Para algumas crianças até pode ter sido uma sorte o destino da adopção, porque lhes deu acesso a uma vida e perspectivas futuras que nunca teriam nos meios de onde vinha. Mas os fins não justificavam os meios. Porque poucas eram as que realmente eram órfãs. Uma coisa é ser órfão, outra é ser roubado à família para ser vendido. No fundo, eram todos vendidos a famílias abastadas. Era uma troca comercial vantajosa com “bens” que nunca deveriam estar à venda.
A narrativa alterna entre May (Rill Foss) e Avery, entre o passado e o presente, entre uma vida de sofrimento e a busca pela verdade.

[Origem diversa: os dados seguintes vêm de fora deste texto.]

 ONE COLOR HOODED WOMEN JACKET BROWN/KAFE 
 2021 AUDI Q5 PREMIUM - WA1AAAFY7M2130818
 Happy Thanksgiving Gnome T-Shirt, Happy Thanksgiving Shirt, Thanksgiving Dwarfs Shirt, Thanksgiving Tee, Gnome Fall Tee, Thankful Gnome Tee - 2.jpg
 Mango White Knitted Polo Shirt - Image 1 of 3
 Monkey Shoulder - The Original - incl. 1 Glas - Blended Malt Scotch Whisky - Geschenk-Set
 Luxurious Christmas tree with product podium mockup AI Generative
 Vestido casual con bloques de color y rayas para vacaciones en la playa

Avery Stafford é uma jovem loira e rica que abandona temporariamente a sua carreira como advogada para regressar para junto da família na Carolina do Sul. O pai está doente e ela tem que se preparar para assumir o legado da família participando em eventos políticos. Pressionada para assumir este papel de uma forma muito intensa, sem poder dar um passo, sem poder ter vida e escolhas pessoais, com um noivo que na verdade é um amigo de infância, naquilo que é uma relação política arranjada pelas duas famílias. Se ao início a personagem parece um pouco fútil, rapidamente se transforma e é muito bonita esta sua evolução, a sua força. Até porque se interroga continuamente sobre a sua vida e o seu papel
A história de Rill começa em 1939 e a sua vida é bem diferente. Vive numa casa flutuante no rio Mississipi juntamente com os pais e os quatro irmãos, num estado de pobreza típico da Grande Depressão nos EUA, mas ainda assim num ambiente de grande felicidade familiar. Quando as crianças perdem este ambiente sentem-se completamente perdidas, aterrorizadas e sempre esperançosas de voltarem a ver os pais.

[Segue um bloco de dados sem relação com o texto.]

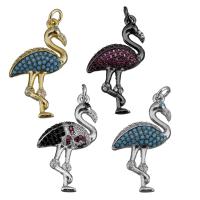 Animal Brass Pendants, Bird, plated, micro pave cubic zirconia Approx 3.5mm 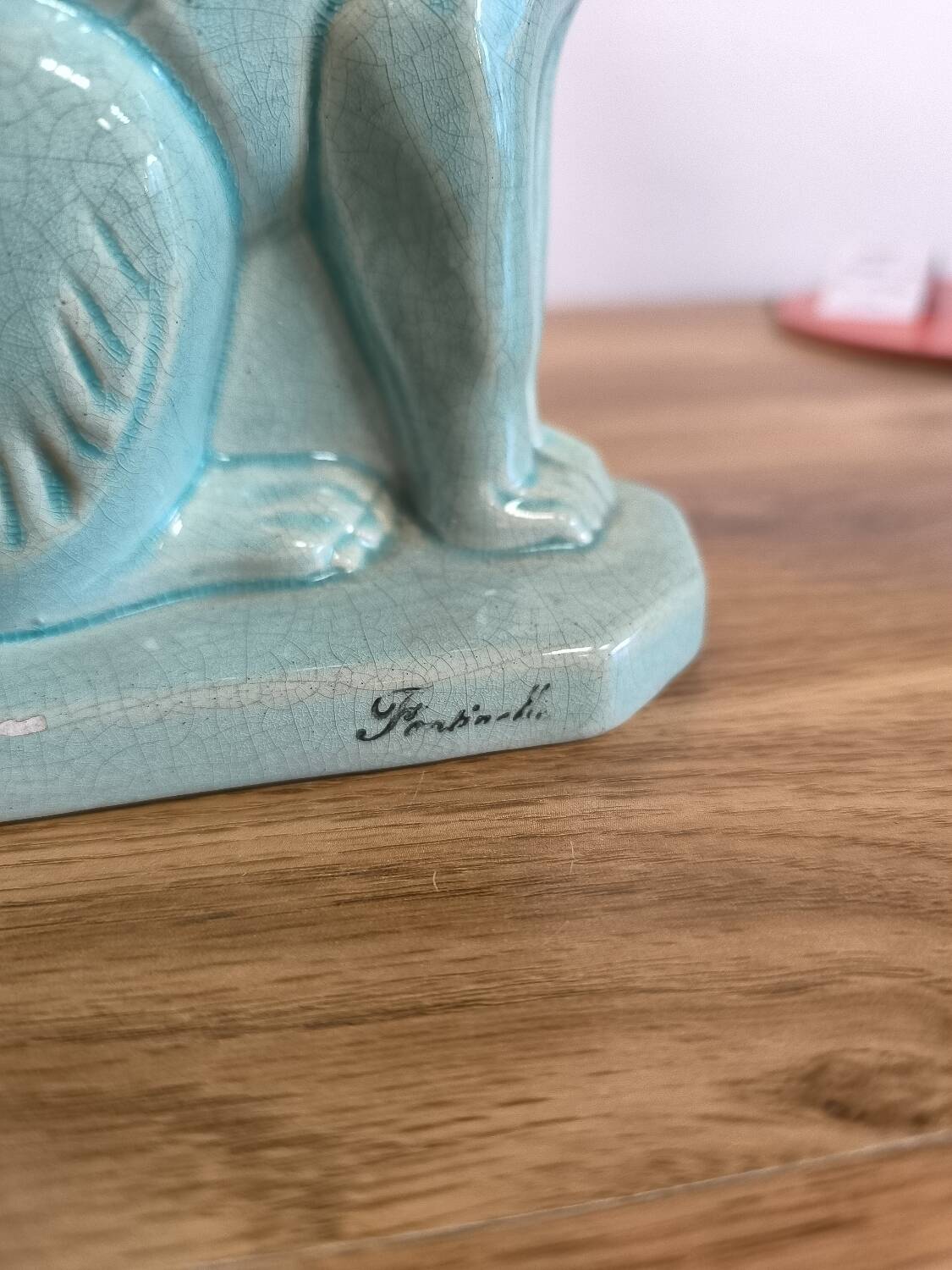 Celadon green crackled ceramic dog circa 1930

É através do relato de May/Rill que vamos perceber o que sofreram as crianças que viviam no lar, expondo a parte mais feia desta história. É por May que percebemos que as crianças, já frágeis por terem perdido a família biológica de forma traumática, passavam fome, eram maltratadas física e psicologicamente e abusadas sexualmente, sem qualquer hipótese de defesa.
E este relato na voz de uma criança é muito duro. Os medos e mesmo o pavor que sentiam aquelas crianças faz-nos sofrer a sério com esta história. O amor à família, o terem de crescer tão rápido para se tornaram protectores dos irmãos mais novos, o sofrimento pelos irmãos perdidos, mortos às mãos daquelas pessoas.
É extremamente emotivo e sentimos tudo na pele, estamos constantemente com um nó na garganta. Porque este relato de Rill tem presente toda a inocência de uma criança e por isso é tão mais forte, com todos aqueles detalhes sobre as pequenas coisas que aqui não passam despercebidas, tornando o relato mais autêntico.
Avery, depois de conhecer May vai envolver-se numa investigação que a vai levar a descobrir segredos familiares guardados por gerações e que a vão levar a mudar a maneira como encara a sua própria identidade. O final é muito bonito e é Avery que conduz a esse final, tornando-se numa personagem muito mais interessante do que ao início.
É um livro muito, muito bonito, que nos fala sobre sofrimento, mas também nos fala sobre amor, amizade e a força dos laços familiares, mostrando-nos que mesmo quando a memória se perde, o coração mostra sempre o caminho certo e não esquece.
Foi um livro fantástico, que recomendo vivamente. Não sendo uma leitura ligeira, é um livro que devoramos rapidamente, não tanto para descobrir qual é o segredo na família de Avery numa óptica de intriga, mas porque queremos saber o destino das personagens e só lhes desejamos o melhor!
Uma grande aposta da Saída de Emergência, que valeu bem a pena ler!
Muito obrigada à Saída de Emergência por me terem feito chegar este exemplar!